A bigger crew still needed its Factotum, so I returned and was able to be there for the majority of production this time despite my commitments to act in my third stage production of Much Ado About Nothing. Again I did general work as-needed; but I enjoyed a bounty of added treats on my list of responsibilities. They stuck cameras in my hand to shoot behind-the-scenes video as well as to supplement the amazing production stills taken by Jessie Lucas. Apparently a lot of my footage (assuming it’s usable at all) will show up in supplementary/bonus material in the months to come, which means you may get to know my snarky voice, unsteady hand, and addiction to snap-zooming very well. I made sure to point out the irony that they were giving a camera to the one guy on set that didn’t go to film school.

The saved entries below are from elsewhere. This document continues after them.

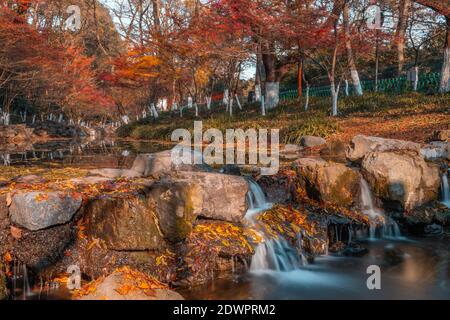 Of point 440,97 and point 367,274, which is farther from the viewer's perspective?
point 440,97

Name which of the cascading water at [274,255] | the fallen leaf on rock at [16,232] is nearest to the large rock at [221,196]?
the cascading water at [274,255]

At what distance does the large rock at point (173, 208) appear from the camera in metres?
6.02

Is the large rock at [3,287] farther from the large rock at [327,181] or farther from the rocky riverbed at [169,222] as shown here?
the large rock at [327,181]

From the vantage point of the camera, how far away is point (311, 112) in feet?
62.0

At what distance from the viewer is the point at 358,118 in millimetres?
16266

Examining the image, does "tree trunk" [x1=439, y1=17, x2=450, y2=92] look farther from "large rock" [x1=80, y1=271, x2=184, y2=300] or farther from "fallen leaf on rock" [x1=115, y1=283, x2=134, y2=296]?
"fallen leaf on rock" [x1=115, y1=283, x2=134, y2=296]

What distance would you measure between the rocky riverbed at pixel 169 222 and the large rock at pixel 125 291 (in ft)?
0.03

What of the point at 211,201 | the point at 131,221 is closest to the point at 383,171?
the point at 211,201

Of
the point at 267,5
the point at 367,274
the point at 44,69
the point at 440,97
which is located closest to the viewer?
the point at 367,274

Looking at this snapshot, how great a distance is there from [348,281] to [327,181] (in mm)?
2552

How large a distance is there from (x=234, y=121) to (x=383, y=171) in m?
13.0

But they also knew that 2012 had become the acting-est year of my life, and so they made an amazingly-gracious request that I actually step in front of the camera this time around. Not just once, but three times. That’s right – I play three roles in Season Two of Squaresville, although you’ll only see my weirdo face in one of them (the rest you’ll just have to be surprised by).
They’re all very small roles, nowhere near the complexity of the characters our principal cast has worked so hard to create, but I was still insanely nervous and self-conscious, because this is essentially my first real on-camera role that isn’t just filling in the background or the goofing-off I did with friends in high school and college. But Matt wrote funny bits for me, and with so many talented people conspiring to make me look good at doing them, I’m optimistic that they succeeded, and so incredibly grateful that I get to now be “in” Squaresville.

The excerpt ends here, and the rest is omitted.